Growing up in ’80s London under the influence of DIY hip-hop culture and the fashion tribes of the warehouse scene, Jackson recalls a time when individuality was the name of the game.
“I think the problem is that concept of being original and unique is becoming lost,” he says. “Unfortunately I think that world has become very materialistic. It’s very difficult for young people because they are constantly bombarded with aspirational things. I mean when the Nike Jordan came out in ‘85 or whenever, I wanted a pair, but most of my aspirations were creative ones.”
“These people come from a hip- hop culture that is so powerful with roots… and they’re going to negate that by wanting to be part of this facile European fashion world.”
For someone brought up on the DIY Gucci and Louis Vuitton reconstructions of Harlem’s Dapper Dan, Jackson looks on in dismay at the aspirational conformity in today’s hip-hop scene.
“I used to love the way Dapper Dan and people like Biz Markie were wearing all this designer stuff but it was very much about subverting the brands. They were taking things they couldn’t afford, from a culture that wasn’t theirs and they were sticking their fingers up to it,” he says.

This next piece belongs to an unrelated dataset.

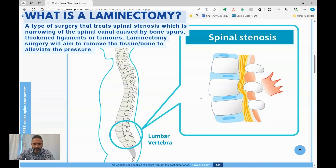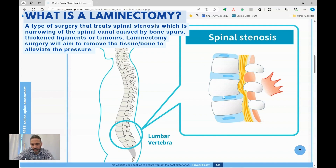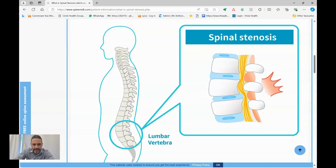A laminectomy is usually used to treat a condition called spinal stenosis, and this is narrowing of the canal or the tunnel in the middle of the spine through which the nerves run. So these are the building blocks of the spine, called vertebral bodies, which have an arch attached to the back of them, and that creates a tunnel in the middle. Over the years with wear and tear, that tunnel can get narrow and the nerves can become a bit squashed.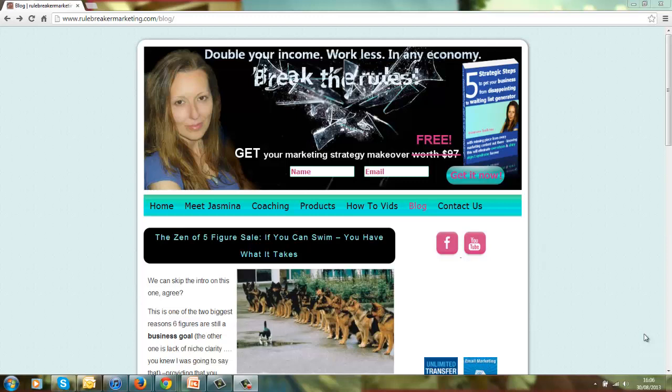Ciao and welcome to the how to create a blog video tutorial. I'm Yasmina from rulebreakermarketing.com and the reason for this video is to show you how to choose a hosting account, install WordPress, pick a theme and embed a YouTube video, all in less than five minutes.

Now that artists like Pharrell and Kanye West have become so fully ingrained in the world of high fashion, Jackson feels it detracts from their ability to stand against that very establishment. The same can be said for Dapper Dan’s recent collaboration with Gucci, which includes a capsule collection and the resurrection of his Harlem atelier—now “powered” by official Gucci fabrics. The legitimization of hip-hop in the fashion world has taken away a healthy amount of its authenticity. The braggadocios luxury cosigns once touted by rappers have been replaced by bona fide product placement.
“These people come from a hip-hop culture that is so powerful with roots that resonate across the planet with real meaning and purpose – and they’re going to negate that by wanting to be part of this facile European fashion world,” laments Jackson. “It’s bollocks. But I don’t even know what hip-hop culture is anymore.”